In a move that could significantly impact Apple’s global manufacturing strategy, President Donald Trump has threatened to impose a 25% tariff on iPhones unless the company relocates its production to the United States. This development, reported by the Financial Times, comes as Apple intensifies its efforts to diversify its supply chain by expanding manufacturing operations in India.

Trump’s Ultimatum to Apple

On Friday, Trump took to Truth Social to express his dissatisfaction with Apple’s manufacturing decisions, stating that iPhones sold in the U.S. should be produced domestically rather than in countries like India or China. He warned that failure to comply would result in a 25% tariff on iPhones.

This threat follows reports that Apple plans to shift the majority of its iPhone production for the U.S. market to India, aiming to circumvent existing tariffs on Chinese-made goods. Apple’s key supplier, Foxconn, is investing $1.5 billion to expand operations in India, including a display module assembly facility near Chennai.

Apple’s Strategic Shift to India

Apple’s move to expand its manufacturing footprint in India is part of a broader strategy to reduce reliance on China amid escalating trade tensions and supply chain disruptions. In 2024, India accounted for 18% of global iPhone production, with expectations to reach 32% in 2025.

The Indian government’s Production-Linked Incentive (PLI) scheme has played a significant role in attracting Apple’s investment, offering financial incentives to boost local manufacturing. This initiative aligns with Prime Minister Narendra Modi’s “Make in India” campaign, which aims to transform the country into a global manufacturing hub.

Economic Implications of Tariffs

Trump’s proposed tariffs could have far-reaching economic consequences. Analysts estimate that a 25% tariff on iPhones could add approximately $100 to the cost of each device, potentially leading to higher prices for consumers or reduced profit margins for Apple.
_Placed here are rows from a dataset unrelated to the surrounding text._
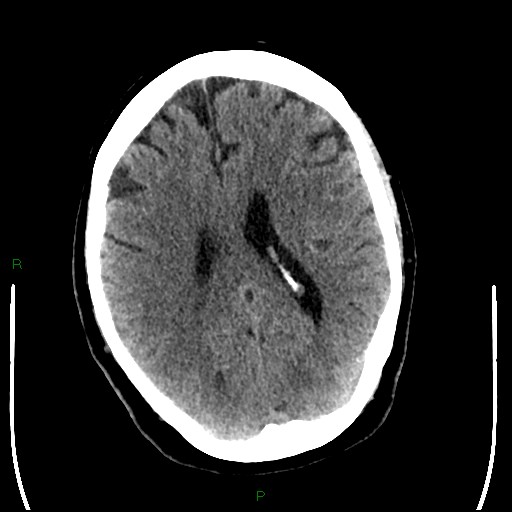 Cerebellar abscess (Radiopaedia 78135-90671 Axial non-contrast 68).jpg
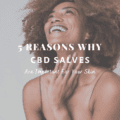 5 Reasons Why CBD Salves Are Important For Your Skin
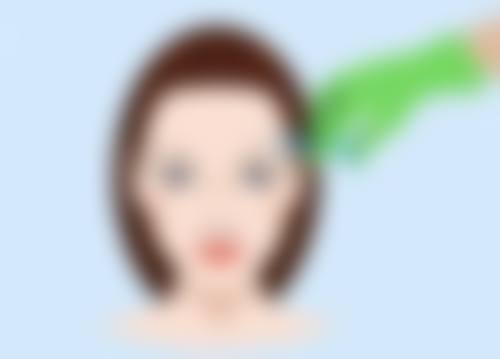 五、治疗疤痕的注意事项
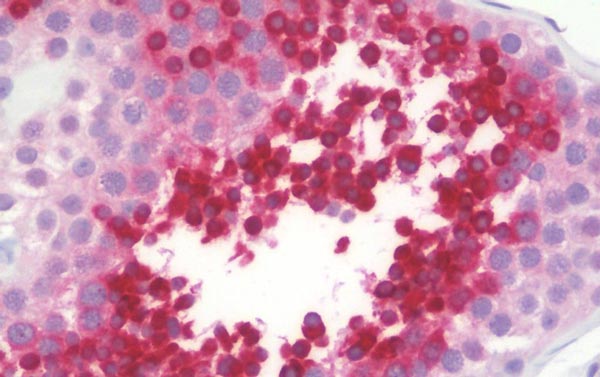 Immunohistochemistry (Formalin/PFA-fixed paraffin-embedded sections) - Anti-TSTA3 antibody (AB190002)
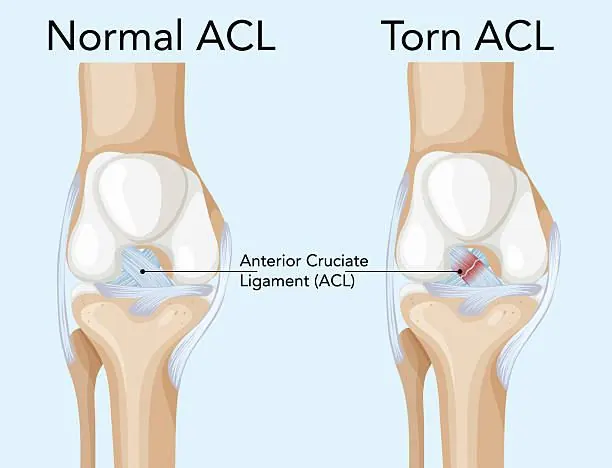 Anatomical illustration of a torn ACL in the knee, highlighting the ligament injury treated with rehabilitation physiotherapy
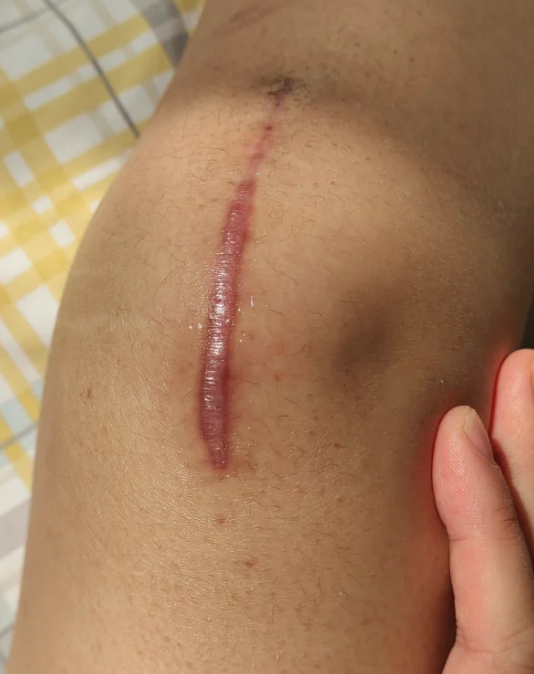 侧切伤口疤痕凸起来怎么祛除?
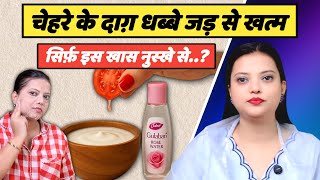 चेहरे के दाग धब्बे एक ही दिन में जड़ से ख़त्म होंगे | Best Home Remedy For Dark Spots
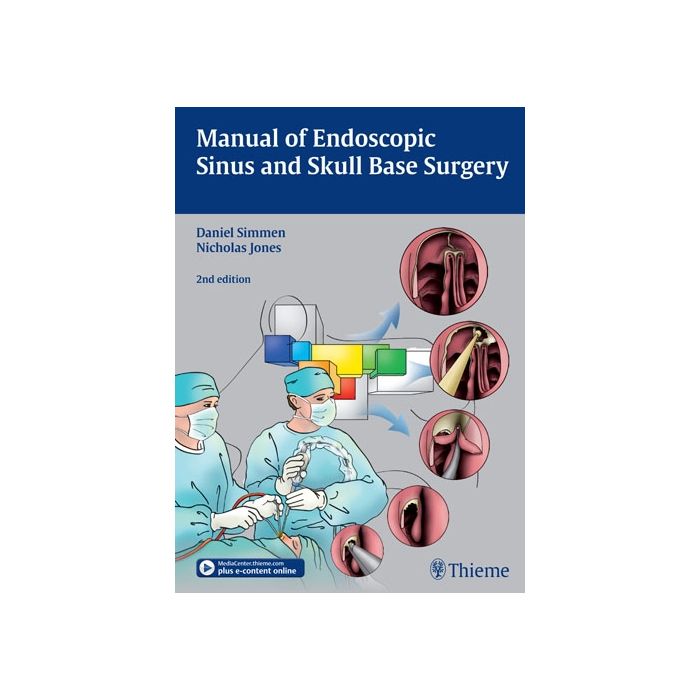Manual of Endoscopic Sinus and Skull Base Surgery  Simmen Daniel; Jones Nick S.  Thieme Medical Publishers  9783131309723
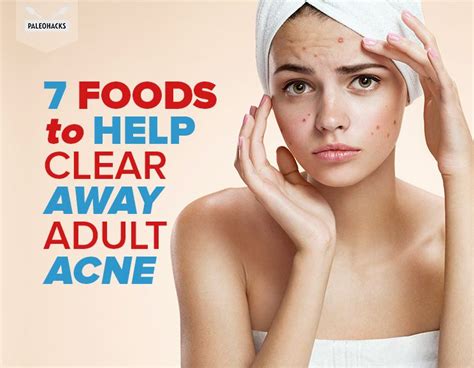 7 Foods To Help Clear Away Adult Acne Clear Skin Diet Acne Skin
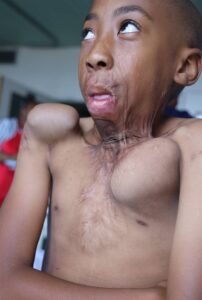 Jong brandslagoffer se uitkyk verbreed ná operasie danksy Smile-week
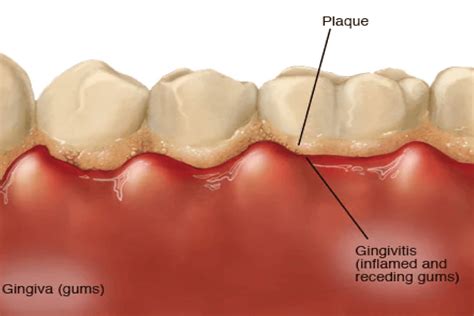 The Symptoms Treatment And Prevention Of Gingivitis Dental Depot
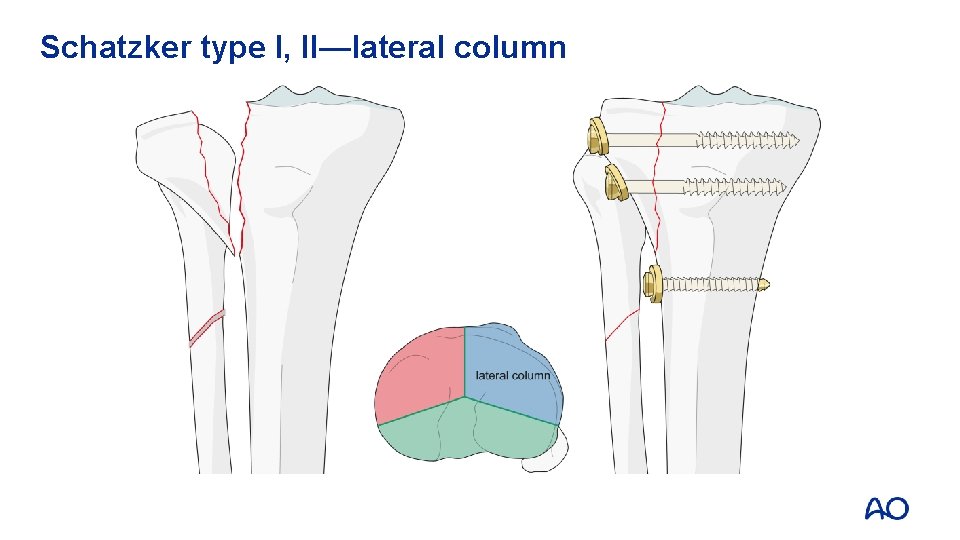 Schatzker type I, II—lateral column 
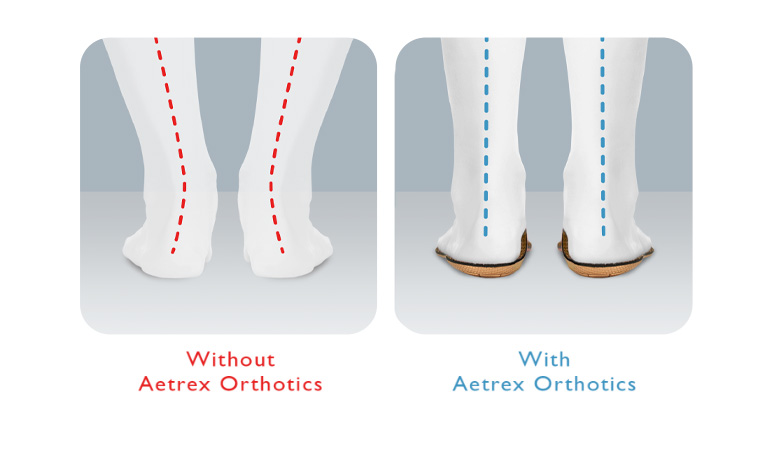 How Aetrex Helps with Alignment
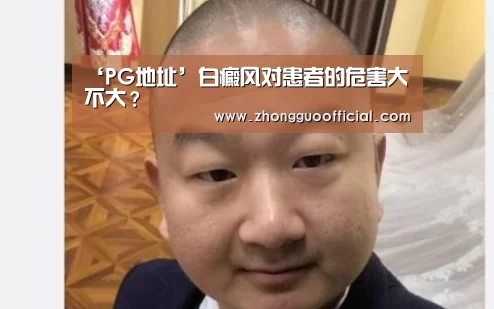 PG中国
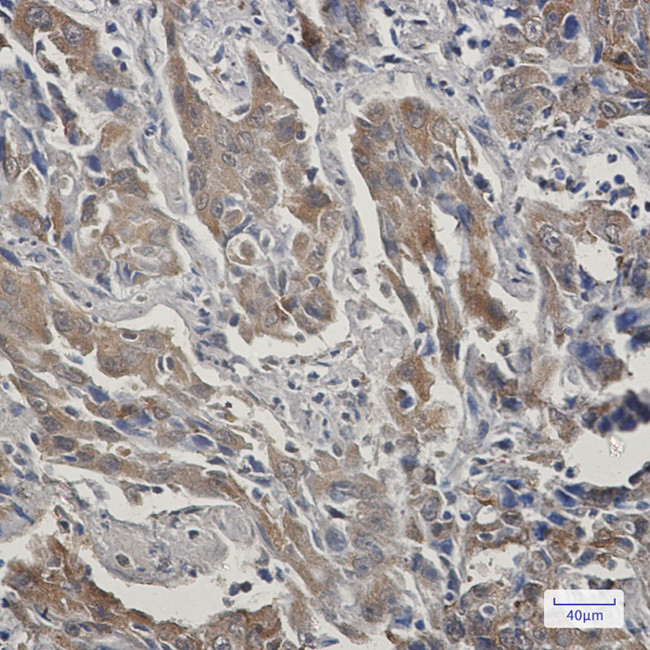 STIP1 Antibody in Immunohistochemistry (Paraffin) (IHC (P))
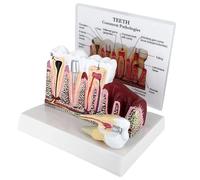 Common Pathologies Tooth Model, Caries Disease Teaching Aids, with Detachable Tooth, Teeth Cross-Section Display, Dental Gums Anatomical Model, for Education, Patient Communication
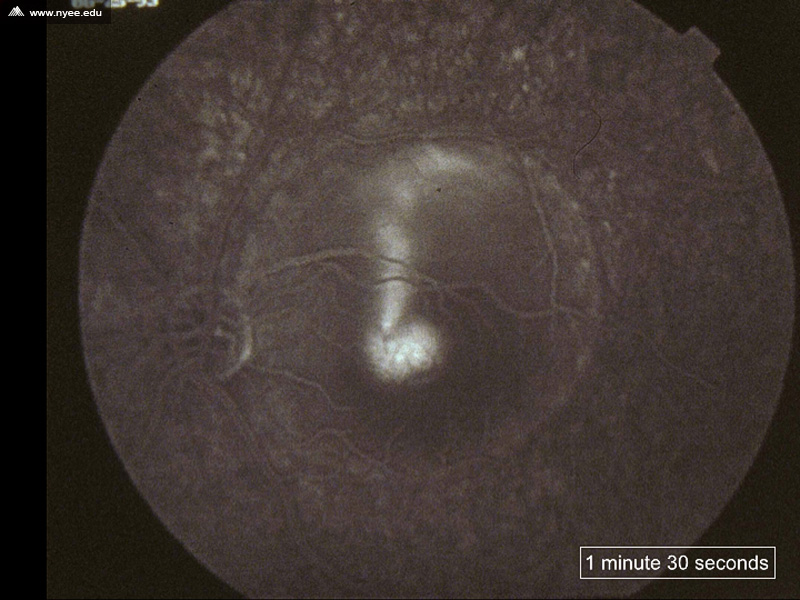 CSR Central Serous Retinopathy Chronic (2 of 10) - NYEE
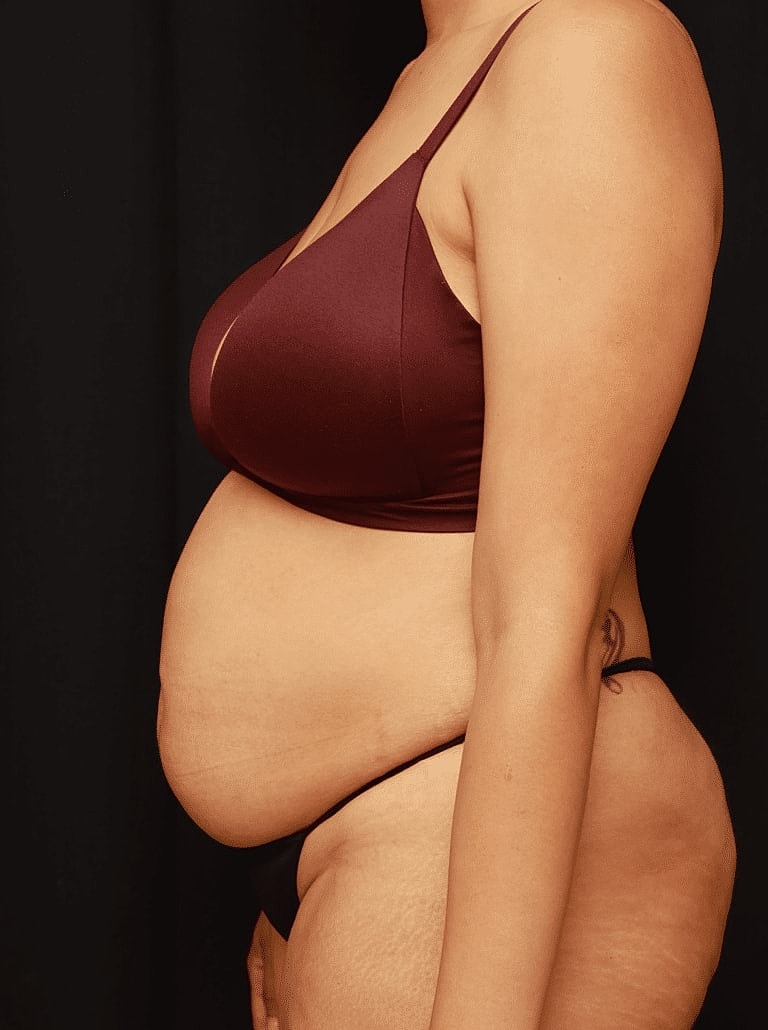 Tummy Tuck Before & After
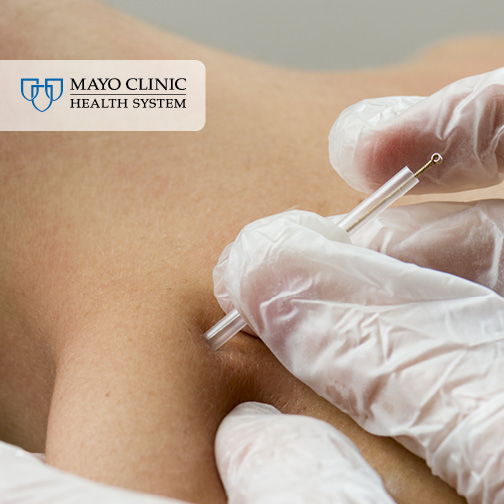 dry_needling_504x504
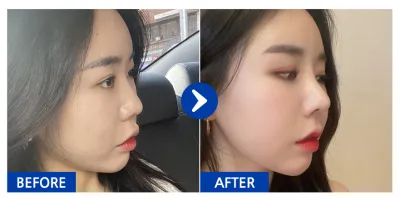 [Gangnam Unni] Хамрын хагалгаа / 1 сар болж байна / Никнейм: Дырырырык дырырык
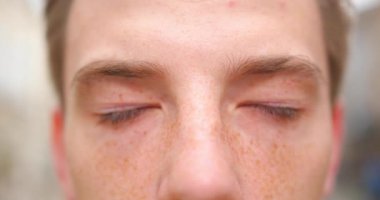 Yeşil gözlerini açıp kameraya bakan çilli adamın görüntüsünü kaybet..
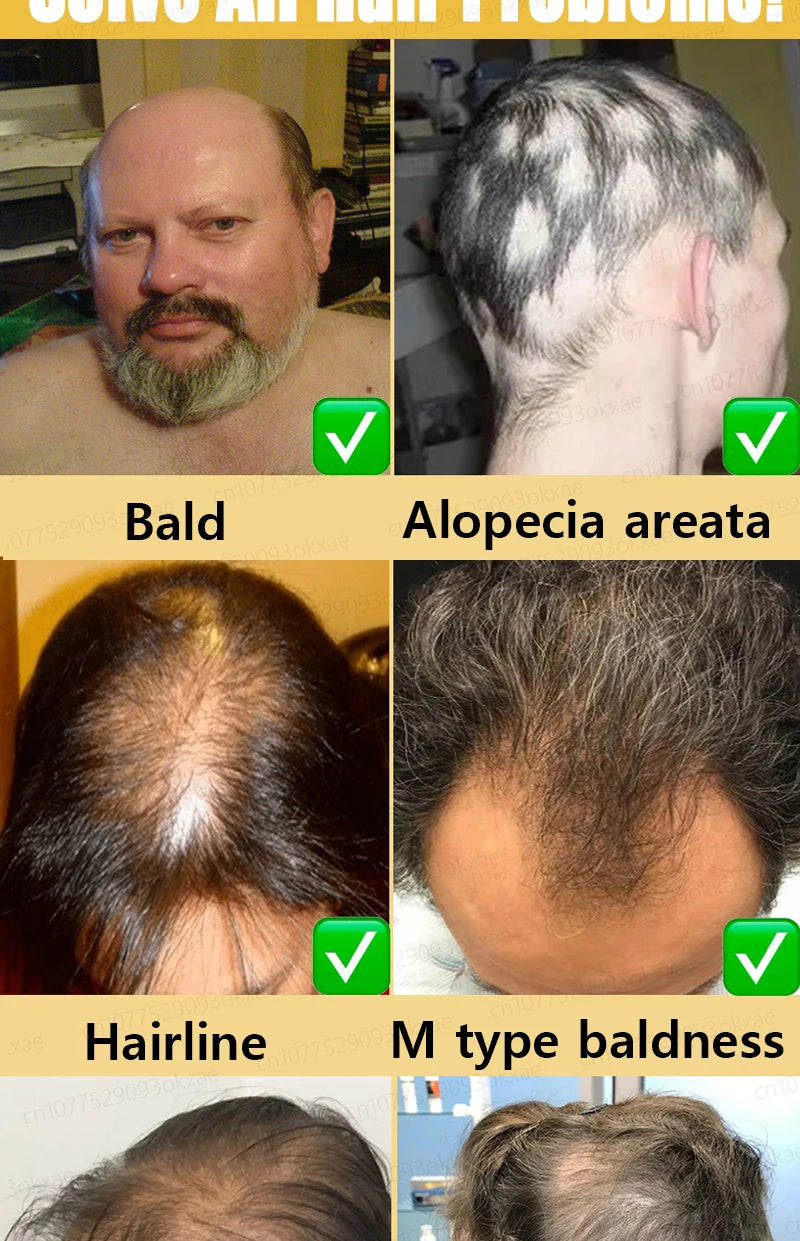Magic Hair growth essential 0iI.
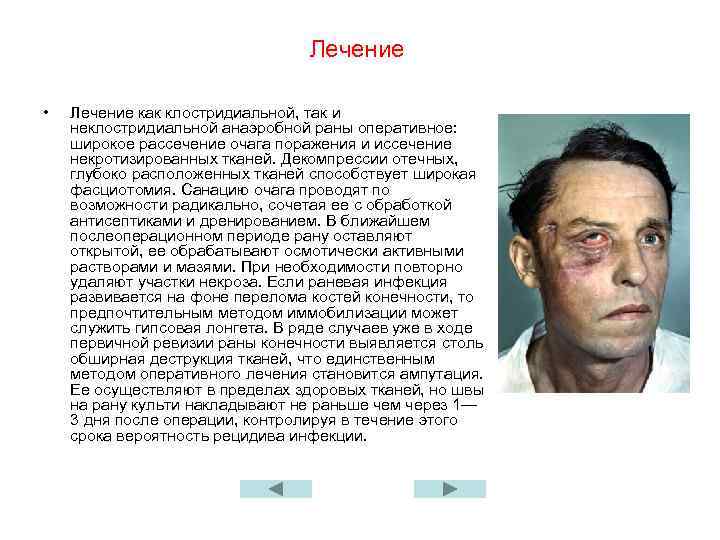 Лечение • Лечение как клостридиальной, так и неклостридиальной анаэробной раны оперативное: широкое рассечение очага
Moreover, replicating Apple’s complex supply chain in the U.S. would be a formidable challenge, requiring significant investment and time. Experts suggest that building the necessary infrastructure domestically could take years and cost tens of billions of dollars.

Market Reaction and Future Outlook

Following Trump’s announcement, Apple’s stock fell by approximately 2.5% in New York trading on Friday. This decline reflects investor concerns about the potential impact of tariffs on the company’s profitability and supply chain stability.

Despite these challenges, Apple remains committed to its expansion in India. The company plans to manufacture all of the 60 million iPhones sold annually in the U.S. from India by the end of next year. 

Trump’s tariff threat underscores the complexities of global supply chains and the challenges companies face in navigating geopolitical tensions. While Apple’s diversification into India offers a strategic advantage, the potential for increased tariffs and the logistical hurdles of reshoring production to the U.S. present significant obstacles. 

As trade negotiations continue, Apple’s ability to adapt its manufacturing strategy will be crucial in maintaining its market position and meeting consumer demand.